#### What you are asked to do:
Below are entries. Give back exactly the lines from the one containing "Car Large Mouse" through the one containing "Frosty winter scene.", inclusive, without the pictures.

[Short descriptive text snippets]
....................

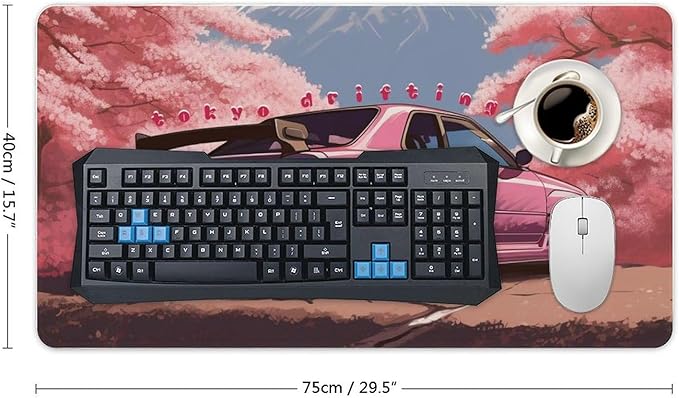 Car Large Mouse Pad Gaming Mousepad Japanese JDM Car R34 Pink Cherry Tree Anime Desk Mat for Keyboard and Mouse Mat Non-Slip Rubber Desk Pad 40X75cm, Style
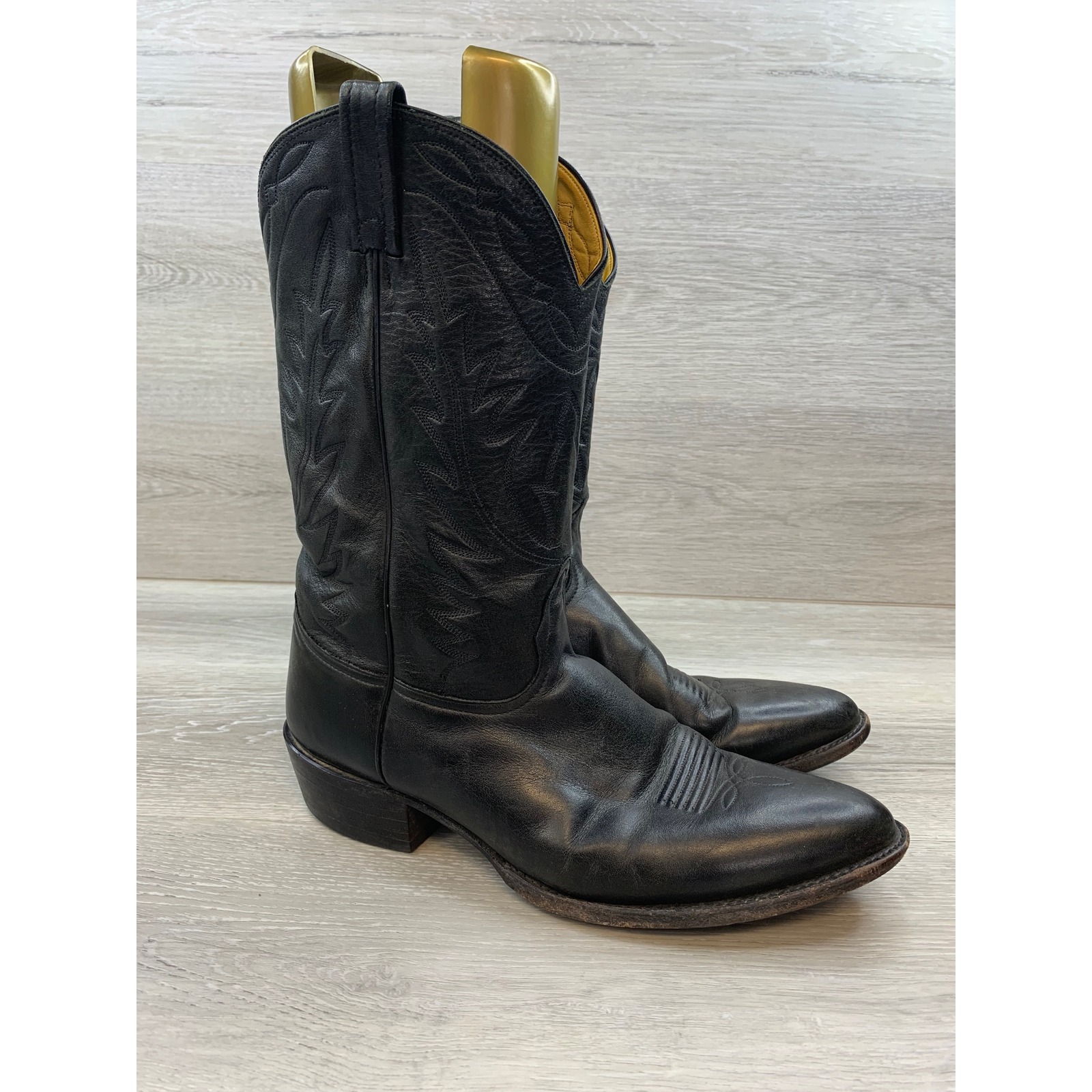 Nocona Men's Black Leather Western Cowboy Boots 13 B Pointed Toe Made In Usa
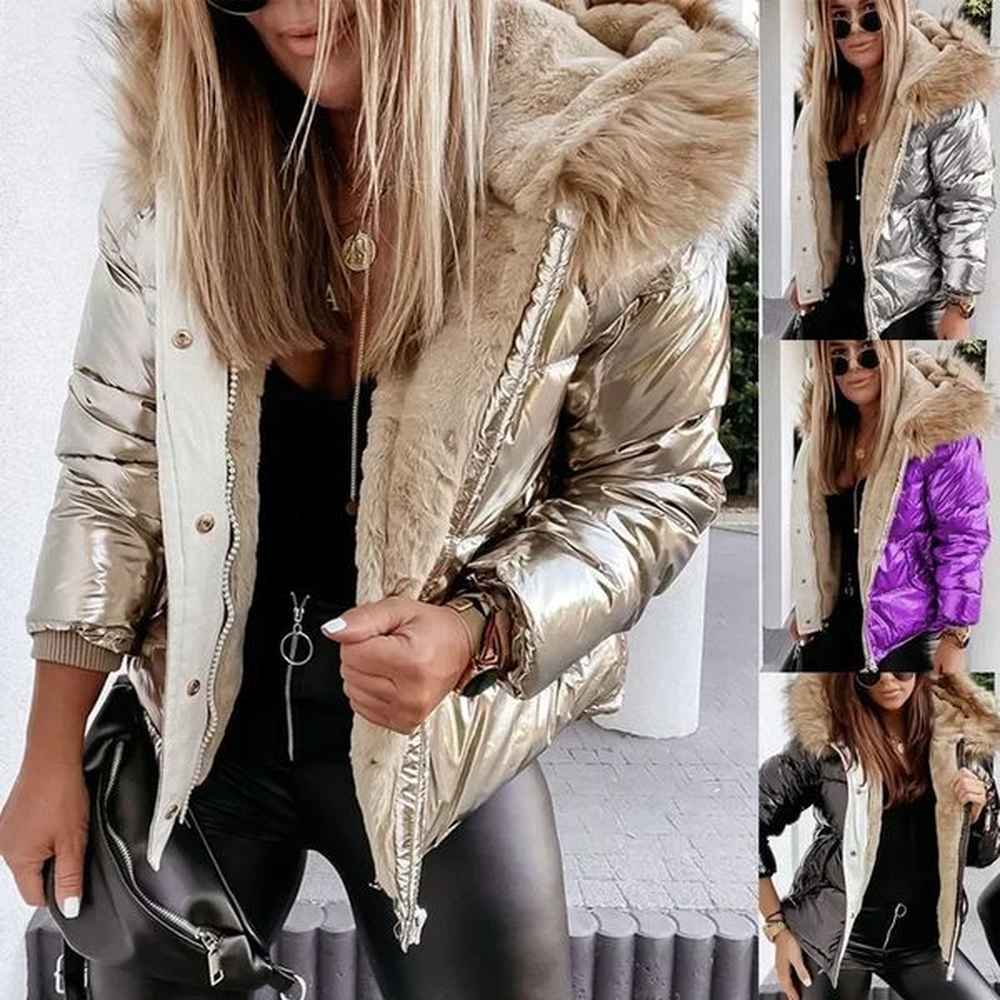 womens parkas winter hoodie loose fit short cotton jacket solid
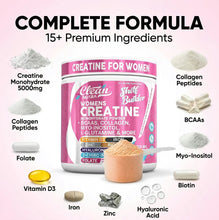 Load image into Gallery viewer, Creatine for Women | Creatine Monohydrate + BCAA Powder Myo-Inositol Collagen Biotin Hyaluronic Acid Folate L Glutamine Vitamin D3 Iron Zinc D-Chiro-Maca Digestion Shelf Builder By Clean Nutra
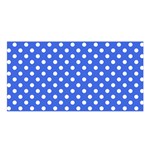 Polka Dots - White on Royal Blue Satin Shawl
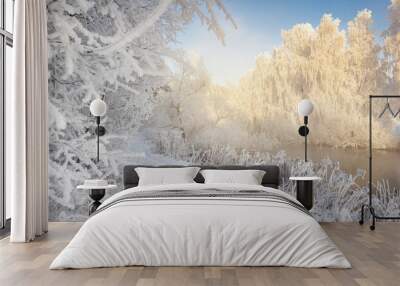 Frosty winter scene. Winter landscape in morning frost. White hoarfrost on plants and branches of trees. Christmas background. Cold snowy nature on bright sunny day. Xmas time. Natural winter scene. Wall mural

....................

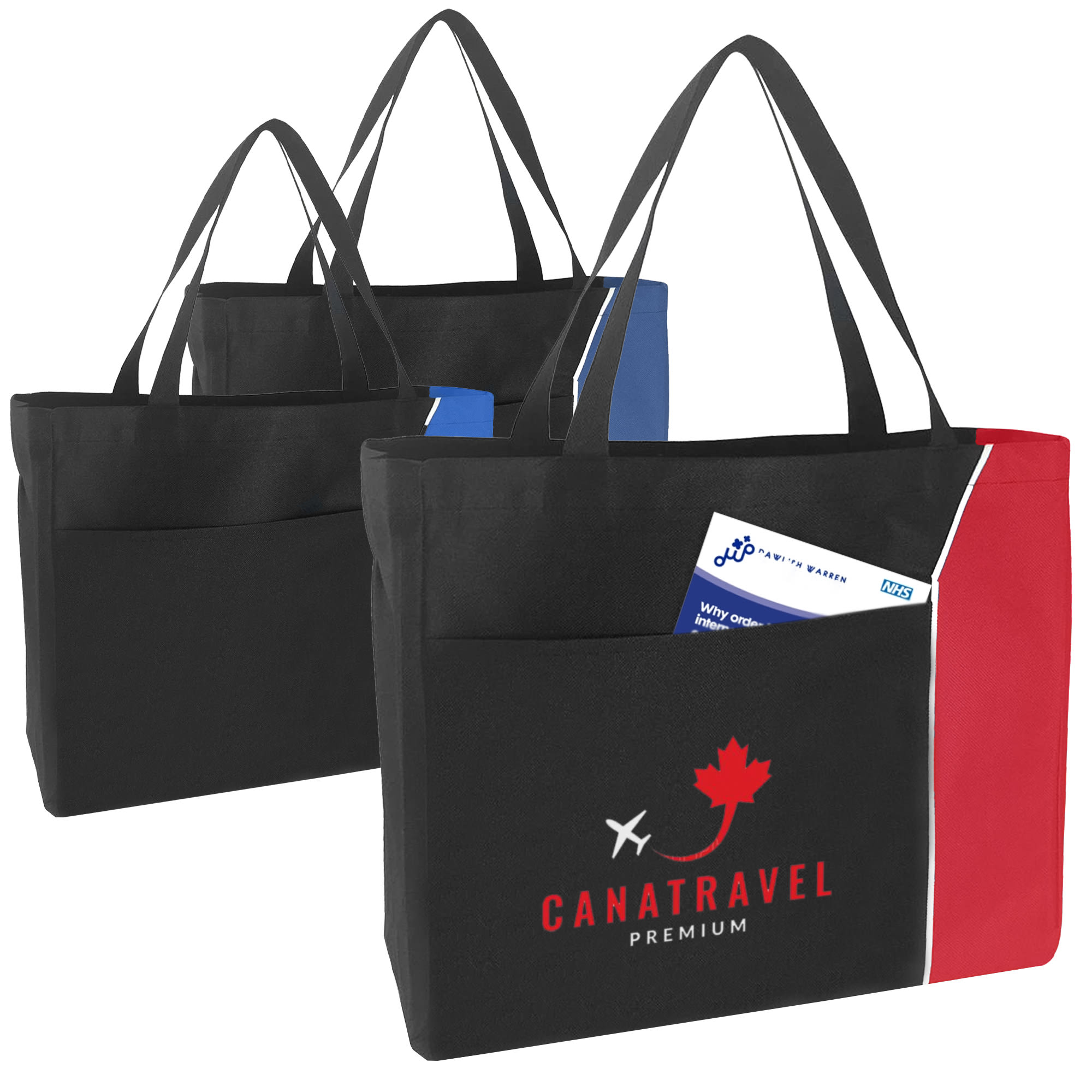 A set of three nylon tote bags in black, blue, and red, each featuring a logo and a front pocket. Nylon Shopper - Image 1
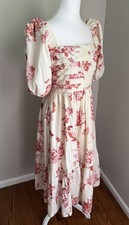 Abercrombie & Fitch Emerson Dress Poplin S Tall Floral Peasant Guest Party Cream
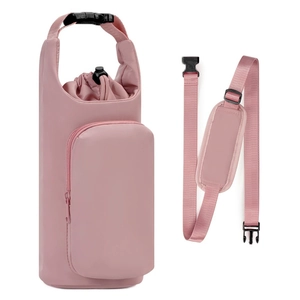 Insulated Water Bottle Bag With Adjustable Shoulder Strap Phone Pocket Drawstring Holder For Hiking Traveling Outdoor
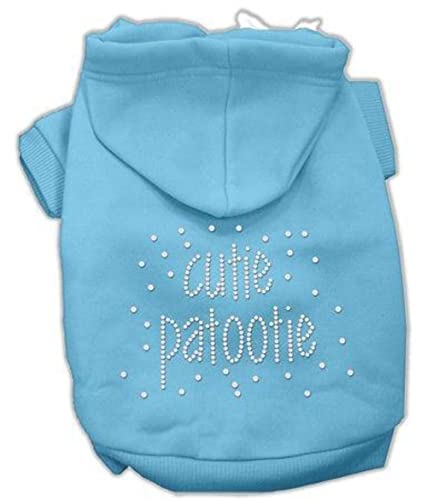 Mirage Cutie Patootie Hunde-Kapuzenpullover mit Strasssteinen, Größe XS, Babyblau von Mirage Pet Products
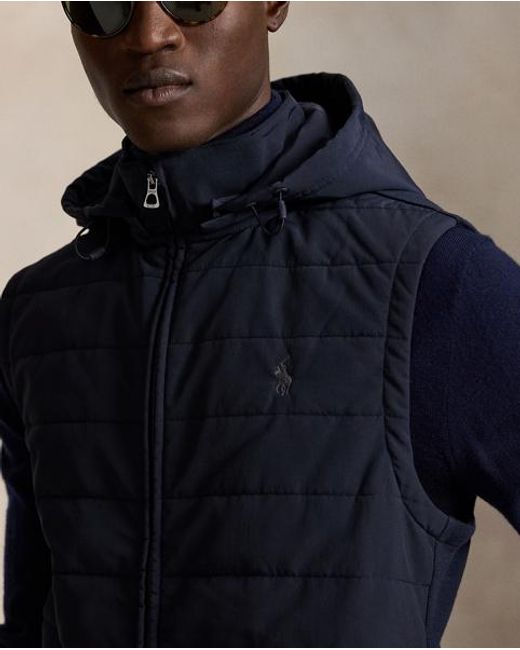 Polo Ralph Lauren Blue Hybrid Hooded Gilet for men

....................

#### Response area:
 Car Large Mouse Pad Gaming Mousepad Japanese JDM Car R34 Pink Cherry Tree Anime Desk Mat for Keyboard and Mouse Mat Non-Slip Rubber Desk Pad 40X75cm, Style
 Nocona Men's Black Leather Western Cowboy Boots 13 B Pointed Toe Made In Usa
 womens parkas winter hoodie loose fit short cotton jacket solid
 Load image into Gallery viewer, Creatine for Women | Creatine Monohydrate + BCAA Powder Myo-Inositol Collagen Biotin Hyaluronic Acid Folate L Glutamine Vitamin D3 Iron Zinc D-Chiro-Maca Digestion Shelf Builder By Clean Nutra
 Polka Dots - White on Royal Blue Satin Shawl
 Frosty winter scene. Winter landscape in morning frost. White hoarfrost on plants and branches of trees. Christmas background. Cold snowy nature on bright sunny day. Xmas time. Natural winter scene. Wall mural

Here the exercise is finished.